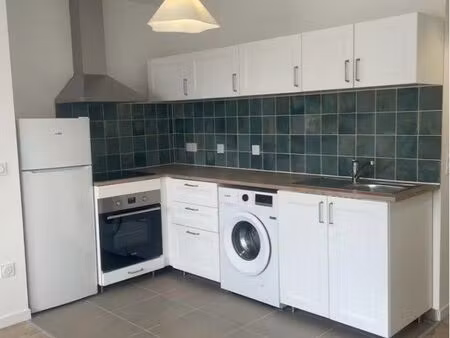appartement 2 pièces 42 m2 proche métro préfecture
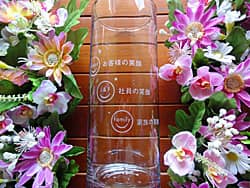 社是を側面に彫刻した、表彰記念品のフラワーベース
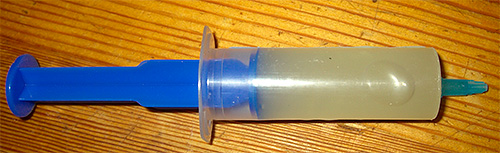 Les gels de cafards sont souvent libérés dans des seringues.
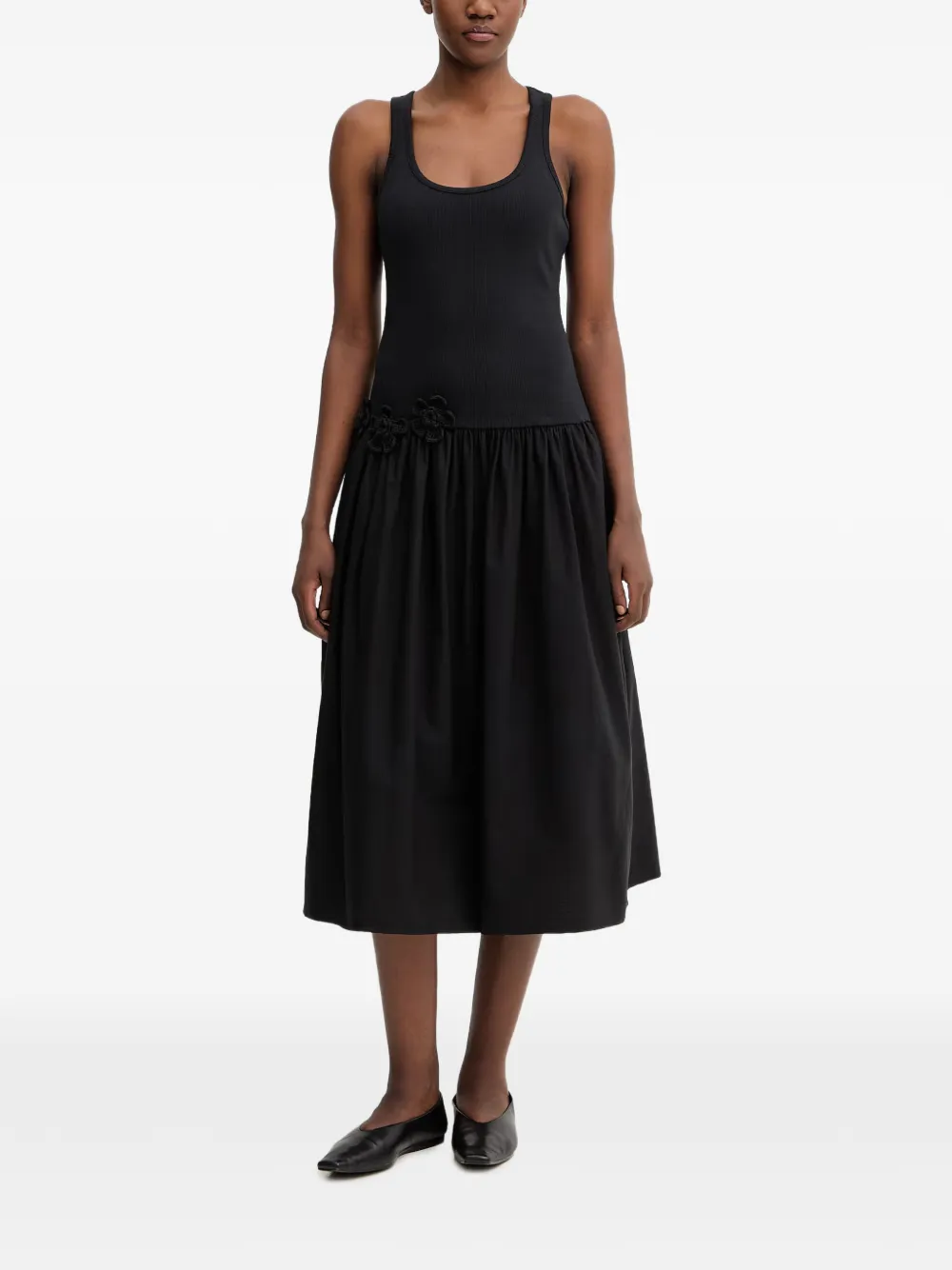 Stine Goya flower-appliqué sleeveless midi dress Zwart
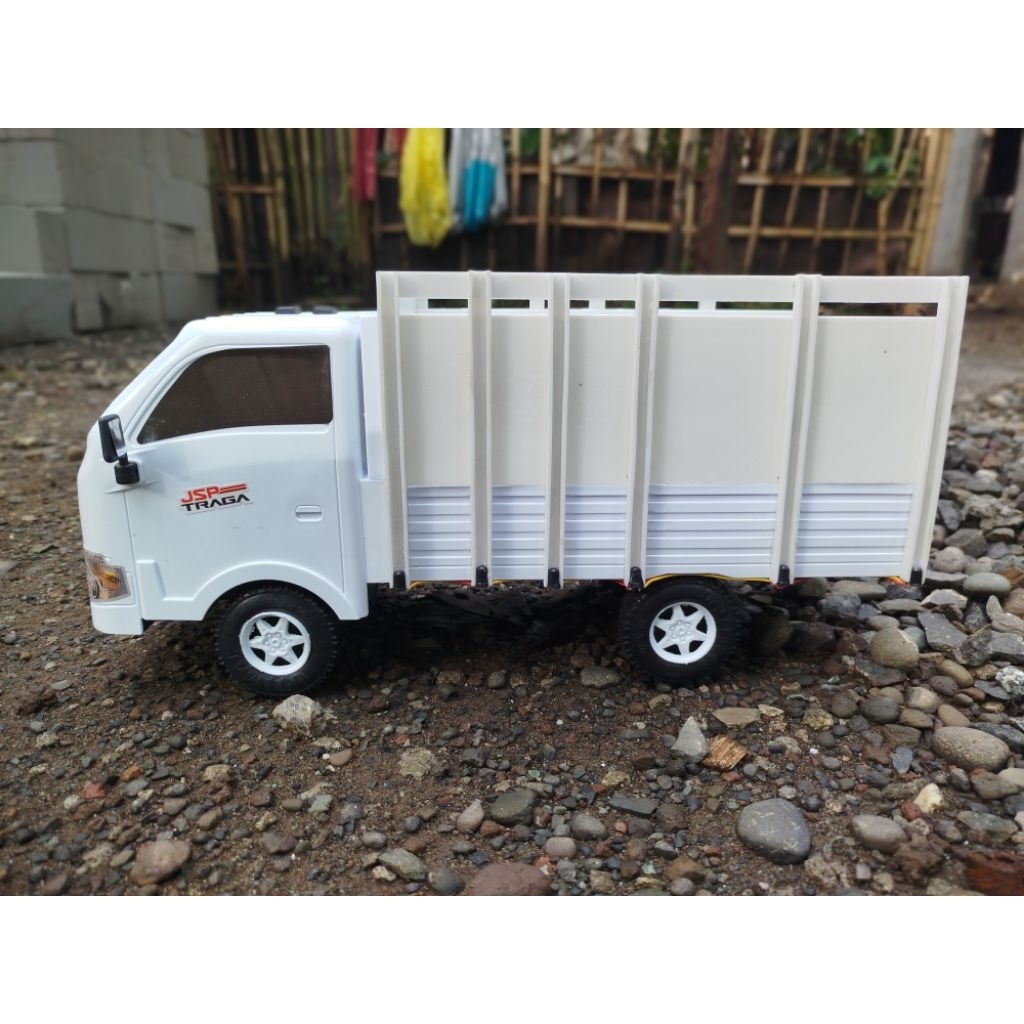BAK SAMBUNG MINIATUR TRAGA MODEL TRUCK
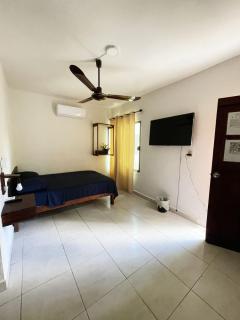 Beryllos Bacalar - 6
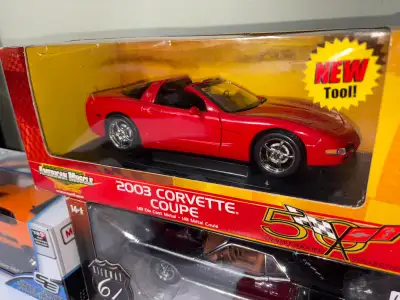 Chevrolet Corvette 2003 ERTL en boîte diecast 1/18 toit qui s'enlève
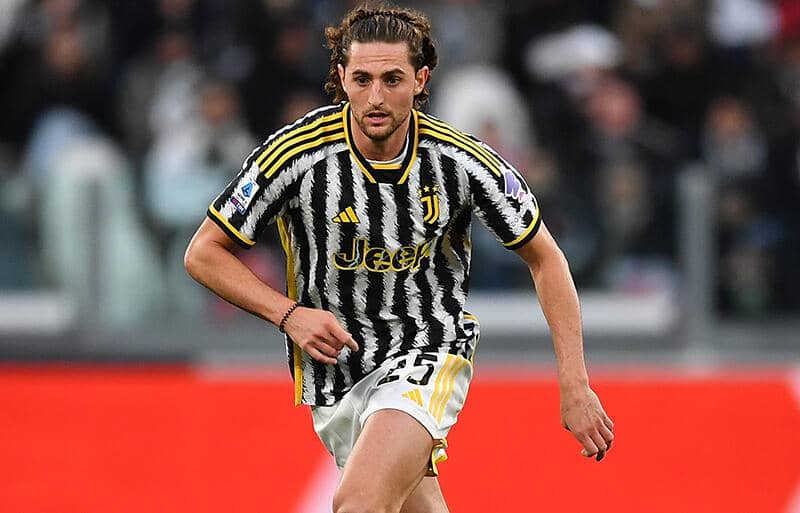 ユナイテッドがラビオへの関心を再燃？　ユベントスとの契約交渉が停滞中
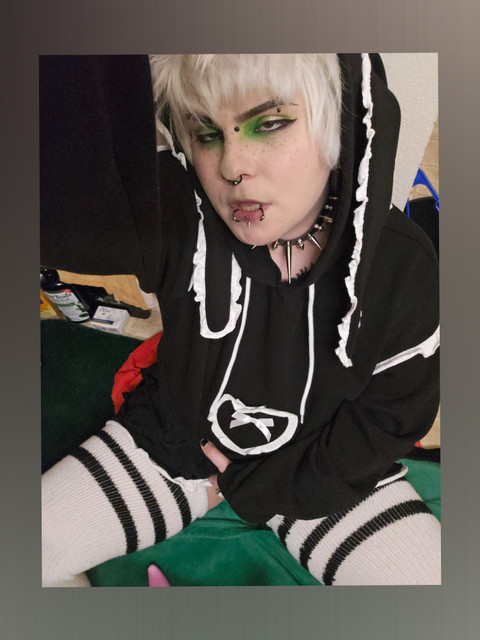 Riot profile picture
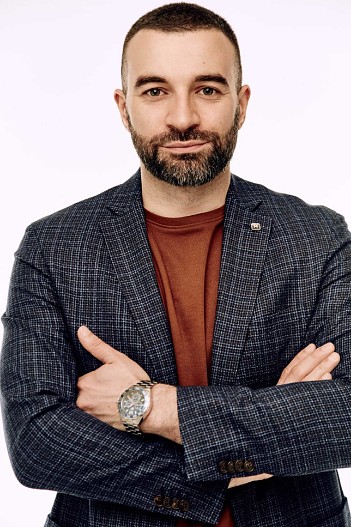 Эксперт: Кулаев Артур Владимирович — детский хирург, детский уролог, со стажем 10 лет, первая категория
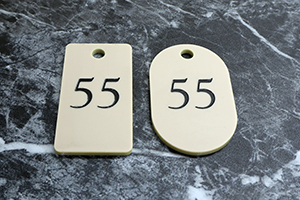 クローク札シンプルの形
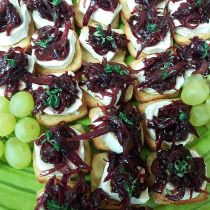 Häppchen mit Ziegenkäse Zwiebelkonfitüre Häppchen mit Ziegenkäse Zwiebelkonfitüre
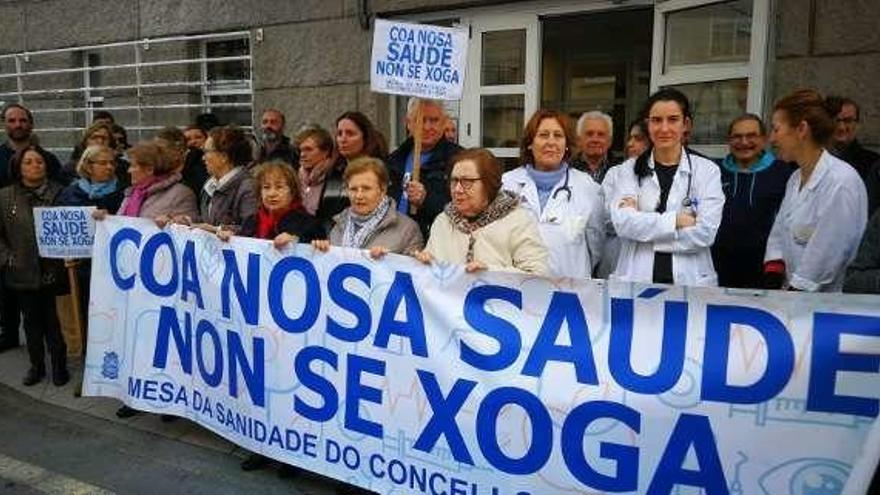 Arriba, la concentración delante del centro de salud de Bueu. A la izquierda, la celebrada en Moaña. //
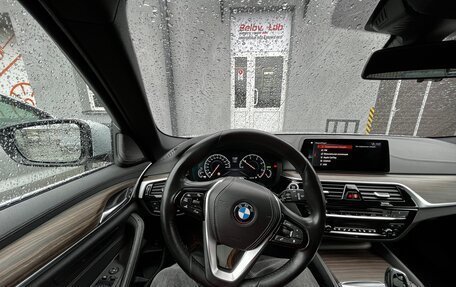 BMW 5 серия, 2018 год, 2 900 000 рублей, 18 фотография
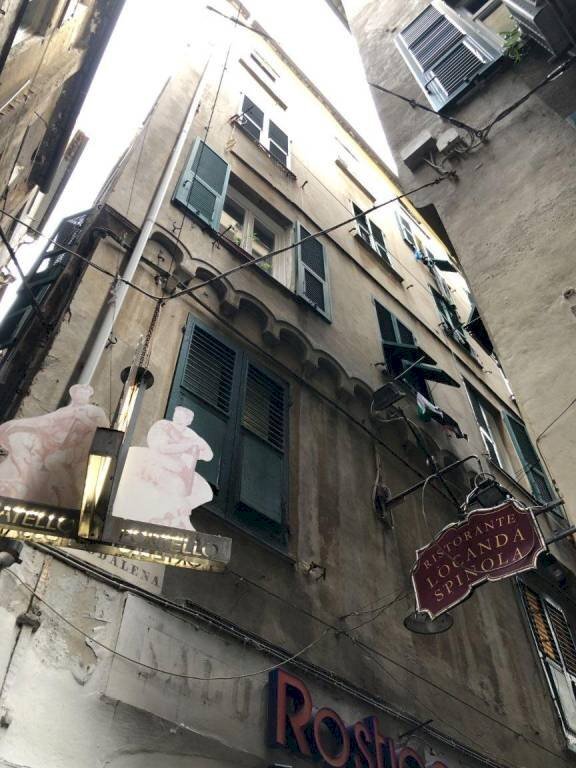 appartamento in vendita a Genova in zona Sottoripa / Maddalena / Molo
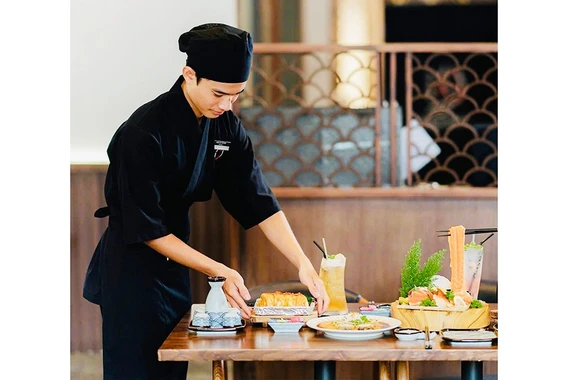 Người trẻ tích cực tìm việc làm thêm dịp Tết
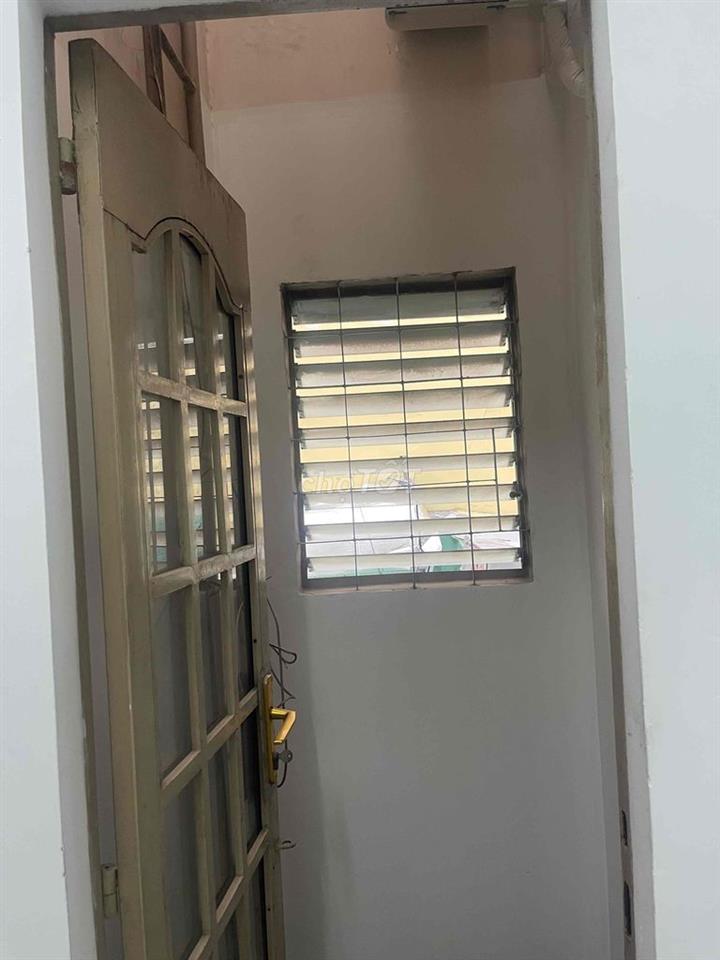 Phòng trọ 2 cửa sổ thoáng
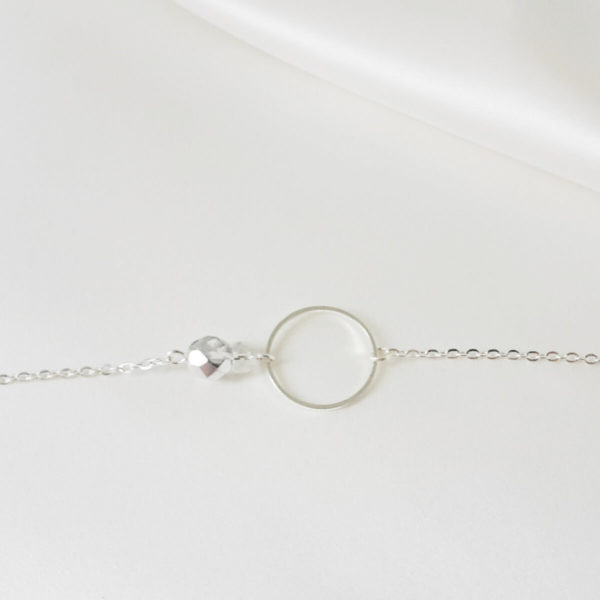 bracelet de mariée asymétrique, chaine argentée cercle, perles à facettes argentée lustrée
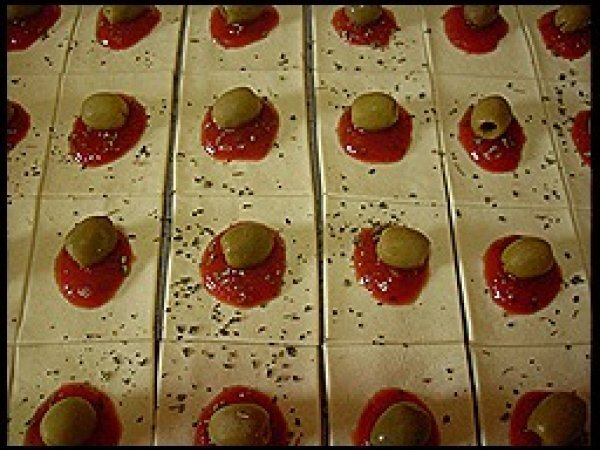 Pizzette con pomodoro e olive, foto 4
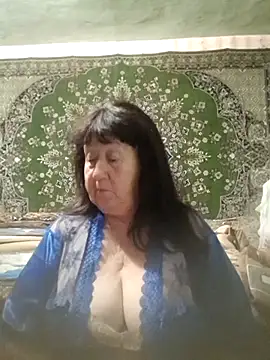 CrystalLime6411 online show from 10.29.25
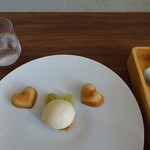 kitchen俊貴 - アイス、フィナンシェ、フルーツ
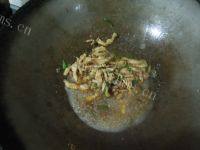 家常菜芹菜肉丝做法图解6)
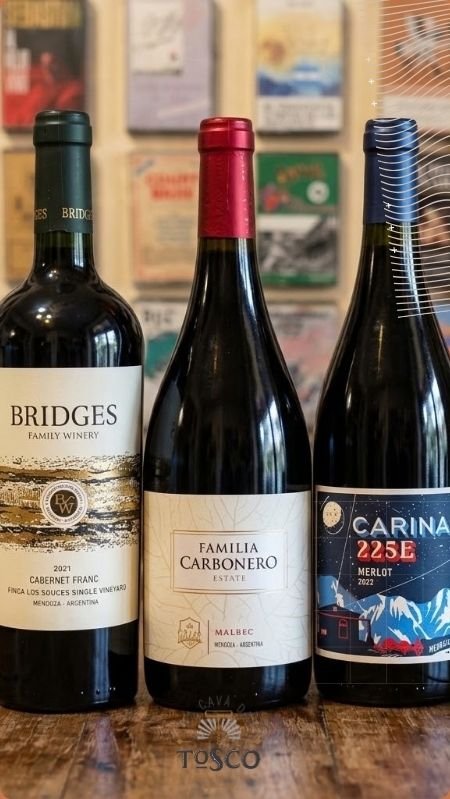 ombo Asado de vinos: Carbonero Estate Malbec, 225E Merlot y Bridges Single Vineyard, disponible en La Cava del Tosco
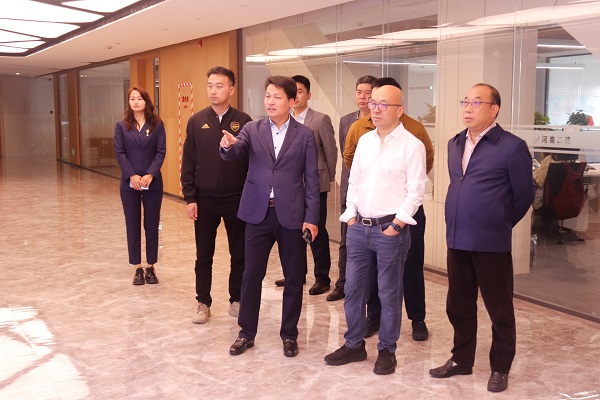 参观压球(中国)19楼办公区.jpg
____________
» **Problem**
Hand back exactly the lines from the one with "Pizzette con pomodoro e olive, foto 4" through the last line of the data above, both ends included, with every picture left out.

» **Completed task**
 Pizzette con pomodoro e olive, foto 4
 CrystalLime6411 online show from 10.29.25
 kitchen俊貴 - アイス、フィナンシェ、フルーツ
 家常菜芹菜肉丝做法图解6)
 ombo Asado de vinos: Carbonero Estate Malbec, 225E Merlot y Bridges Single Vineyard, disponible en La Cava del Tosco
 参观压球(中国)19楼办公区.jpg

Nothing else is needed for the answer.